Selon lui, les Britanniques sont conscients des liens qui unissent la Couronne avec des pays étrangers, mais il ignore à quel point ils tiennent réellement au Commonwealth.
La reine Elizabeth II est avant tout une icône très british.
« Elle fait partie de notre identité, c’est la première chose à laquelle les gens pensent quand on dit Angleterre », lance Sue Pulham.
« C’est un trésor national », renchérissent Christabel Flight et Julie Banks, qui implorent les Canadiens de suivre Charles III.

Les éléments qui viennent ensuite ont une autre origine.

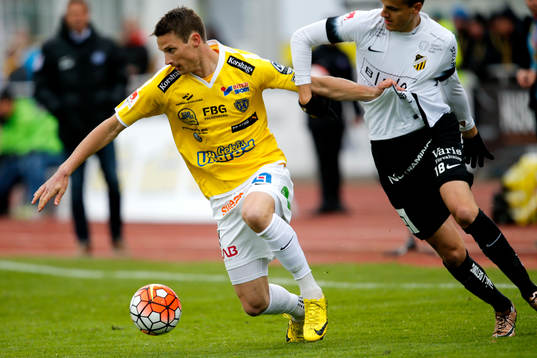 Falkenbergs Thomas Juel-Nielsen och Häckens Alexander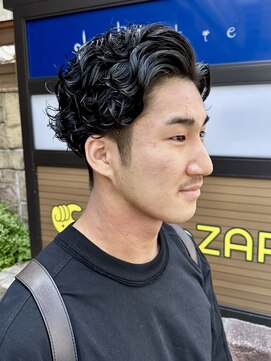 ラティ(Ratie) スペインカールパーマショートハーパーフェードメンズカット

Mais même un grand mordu des Windsor comme Martin Higgins reconnaît que « la monarchie ne fait pas vraiment de sens », bien qu’il adore l’institution.
Le même amour que la reine pour les corgis
Un ancien footman de la reine Élisabeth II a tenu à aller se balader près du palais de Buckingham hier, avec ses trois chiens corgis, pour rendre hommage à la reine qu’il adorait.
« Cette femme, c’était miracle », claironne Martin Higgins, âgé de 63 ans. C’est justement à cause d’elle qu’il est devenu un mordu des chiens corgi, aussi la race préférée de la reine. Cette dernière aurait possédé une trentaine de corgis durant sa vie.

D’ailleurs, son fils Andrew, qui est tombé en disgrâce à la suite d’allégations d’agression sexuelle, a hérité des chiens royaux.
Martin Higgins explique qu’un footman est un serviteur pour les repas ou à l’heure du thé. Il a travaillé auprès de la reine trois ans dans les années 90.
Il souligne qu’il pouvait y avoir de 12 à 15 chiens chez la reine et c’est là qu’il est tombé en amour avec cette race.

Il ne tarit pas d’éloges pour le sens de l’humour de la souveraine, qui selon lui, aurait pu faire carrière comme humoriste. Il se compte aussi privilégié d’avoir pu partager une danse avec la reine, lors d’un événement au palais.